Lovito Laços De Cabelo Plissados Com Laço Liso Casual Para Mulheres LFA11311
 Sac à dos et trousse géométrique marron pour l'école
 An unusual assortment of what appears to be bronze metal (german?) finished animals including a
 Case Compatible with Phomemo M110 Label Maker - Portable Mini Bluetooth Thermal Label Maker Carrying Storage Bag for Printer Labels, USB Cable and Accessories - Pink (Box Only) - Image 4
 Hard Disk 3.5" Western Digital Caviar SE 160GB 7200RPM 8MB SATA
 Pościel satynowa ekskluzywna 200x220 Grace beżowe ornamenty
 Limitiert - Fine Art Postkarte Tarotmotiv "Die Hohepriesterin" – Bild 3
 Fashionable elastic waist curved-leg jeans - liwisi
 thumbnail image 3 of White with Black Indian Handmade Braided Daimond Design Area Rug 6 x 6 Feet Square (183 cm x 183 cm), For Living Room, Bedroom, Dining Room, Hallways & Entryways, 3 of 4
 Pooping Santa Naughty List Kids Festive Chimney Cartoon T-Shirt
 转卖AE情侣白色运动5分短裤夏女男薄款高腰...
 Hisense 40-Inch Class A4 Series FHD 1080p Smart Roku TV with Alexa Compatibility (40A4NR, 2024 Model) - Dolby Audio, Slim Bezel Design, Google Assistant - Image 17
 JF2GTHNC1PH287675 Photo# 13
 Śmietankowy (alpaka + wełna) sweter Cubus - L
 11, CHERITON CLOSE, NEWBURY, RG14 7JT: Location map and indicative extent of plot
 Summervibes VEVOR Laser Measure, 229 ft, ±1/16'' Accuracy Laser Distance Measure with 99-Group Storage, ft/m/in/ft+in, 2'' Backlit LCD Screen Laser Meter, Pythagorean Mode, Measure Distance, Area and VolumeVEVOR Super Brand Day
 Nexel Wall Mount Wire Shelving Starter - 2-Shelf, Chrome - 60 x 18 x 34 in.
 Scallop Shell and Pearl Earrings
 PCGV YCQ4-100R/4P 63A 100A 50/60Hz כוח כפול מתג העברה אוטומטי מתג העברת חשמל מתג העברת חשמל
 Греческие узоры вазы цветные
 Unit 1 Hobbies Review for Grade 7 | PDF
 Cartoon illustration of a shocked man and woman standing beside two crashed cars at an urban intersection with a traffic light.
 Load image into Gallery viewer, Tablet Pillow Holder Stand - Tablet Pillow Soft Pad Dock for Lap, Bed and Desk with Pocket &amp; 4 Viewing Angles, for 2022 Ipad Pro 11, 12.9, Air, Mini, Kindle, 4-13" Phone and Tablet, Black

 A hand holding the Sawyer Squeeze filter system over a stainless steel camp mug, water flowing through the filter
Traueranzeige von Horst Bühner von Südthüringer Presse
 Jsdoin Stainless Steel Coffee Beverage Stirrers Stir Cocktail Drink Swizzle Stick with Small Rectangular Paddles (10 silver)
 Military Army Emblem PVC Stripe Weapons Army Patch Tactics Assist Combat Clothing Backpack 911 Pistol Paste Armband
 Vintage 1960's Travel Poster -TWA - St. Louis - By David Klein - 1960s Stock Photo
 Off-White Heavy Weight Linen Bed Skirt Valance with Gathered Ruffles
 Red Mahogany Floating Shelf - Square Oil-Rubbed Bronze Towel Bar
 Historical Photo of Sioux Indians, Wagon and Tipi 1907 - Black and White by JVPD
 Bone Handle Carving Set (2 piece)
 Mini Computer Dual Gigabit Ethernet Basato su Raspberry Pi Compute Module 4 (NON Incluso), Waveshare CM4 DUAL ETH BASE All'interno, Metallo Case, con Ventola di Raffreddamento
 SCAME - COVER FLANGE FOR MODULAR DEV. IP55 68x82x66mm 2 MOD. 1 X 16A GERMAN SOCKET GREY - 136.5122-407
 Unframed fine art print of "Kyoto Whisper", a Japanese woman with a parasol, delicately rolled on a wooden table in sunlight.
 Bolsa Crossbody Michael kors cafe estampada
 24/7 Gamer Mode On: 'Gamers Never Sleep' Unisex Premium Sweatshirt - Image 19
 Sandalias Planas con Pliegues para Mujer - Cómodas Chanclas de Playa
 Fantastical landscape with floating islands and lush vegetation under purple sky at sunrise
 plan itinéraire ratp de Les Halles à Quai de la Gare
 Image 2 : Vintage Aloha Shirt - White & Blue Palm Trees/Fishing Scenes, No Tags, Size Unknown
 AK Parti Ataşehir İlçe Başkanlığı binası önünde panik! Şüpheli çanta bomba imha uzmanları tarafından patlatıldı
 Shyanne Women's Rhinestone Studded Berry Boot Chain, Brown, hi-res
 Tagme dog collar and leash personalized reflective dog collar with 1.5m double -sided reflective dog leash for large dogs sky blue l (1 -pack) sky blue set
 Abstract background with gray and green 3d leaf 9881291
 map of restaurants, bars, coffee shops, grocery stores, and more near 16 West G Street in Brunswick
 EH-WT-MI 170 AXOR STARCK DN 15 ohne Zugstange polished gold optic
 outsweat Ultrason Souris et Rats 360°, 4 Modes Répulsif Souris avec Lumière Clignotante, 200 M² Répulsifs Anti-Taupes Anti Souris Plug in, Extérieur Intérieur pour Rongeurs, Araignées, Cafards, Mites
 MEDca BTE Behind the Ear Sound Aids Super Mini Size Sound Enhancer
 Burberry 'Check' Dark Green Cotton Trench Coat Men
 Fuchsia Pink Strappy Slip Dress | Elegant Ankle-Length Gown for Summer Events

• **Exercise requirements**
The lines above, starting at the one with "Sac à dos et" and ending at the one with "Греческие узоры вазы цветные", are the only ones to return, exactly as written.

• **Written response**
 Sac à dos et trousse géométrique marron pour l'école
 An unusual assortment of what appears to be bronze metal (german?) finished animals including a
 Case Compatible with Phomemo M110 Label Maker - Portable Mini Bluetooth Thermal Label Maker Carrying Storage Bag for Printer Labels, USB Cable and Accessories - Pink (Box Only) - Image 4
 Hard Disk 3.5" Western Digital Caviar SE 160GB 7200RPM 8MB SATA
 Pościel satynowa ekskluzywna 200x220 Grace beżowe ornamenty
 Limitiert - Fine Art Postkarte Tarotmotiv "Die Hohepriesterin" – Bild 3
 Fashionable elastic waist curved-leg jeans - liwisi
 thumbnail image 3 of White with Black Indian Handmade Braided Daimond Design Area Rug 6 x 6 Feet Square (183 cm x 183 cm), For Living Room, Bedroom, Dining Room, Hallways & Entryways, 3 of 4
 Pooping Santa Naughty List Kids Festive Chimney Cartoon T-Shirt
 转卖AE情侣白色运动5分短裤夏女男薄款高腰...
 Hisense 40-Inch Class A4 Series FHD 1080p Smart Roku TV with Alexa Compatibility (40A4NR, 2024 Model) - Dolby Audio, Slim Bezel Design, Google Assistant - Image 17
 JF2GTHNC1PH287675 Photo# 13
 Śmietankowy (alpaka + wełna) sweter Cubus - L
 11, CHERITON CLOSE, NEWBURY, RG14 7JT: Location map and indicative extent of plot
 Summervibes VEVOR Laser Measure, 229 ft, ±1/16'' Accuracy Laser Distance Measure with 99-Group Storage, ft/m/in/ft+in, 2'' Backlit LCD Screen Laser Meter, Pythagorean Mode, Measure Distance, Area and VolumeVEVOR Super Brand Day
 Nexel Wall Mount Wire Shelving Starter - 2-Shelf, Chrome - 60 x 18 x 34 in.
 Scallop Shell and Pearl Earrings
 PCGV YCQ4-100R/4P 63A 100A 50/60Hz כוח כפול מתג העברה אוטומטי מתג העברת חשמל מתג העברת חשמל
 Греческие узоры вазы цветные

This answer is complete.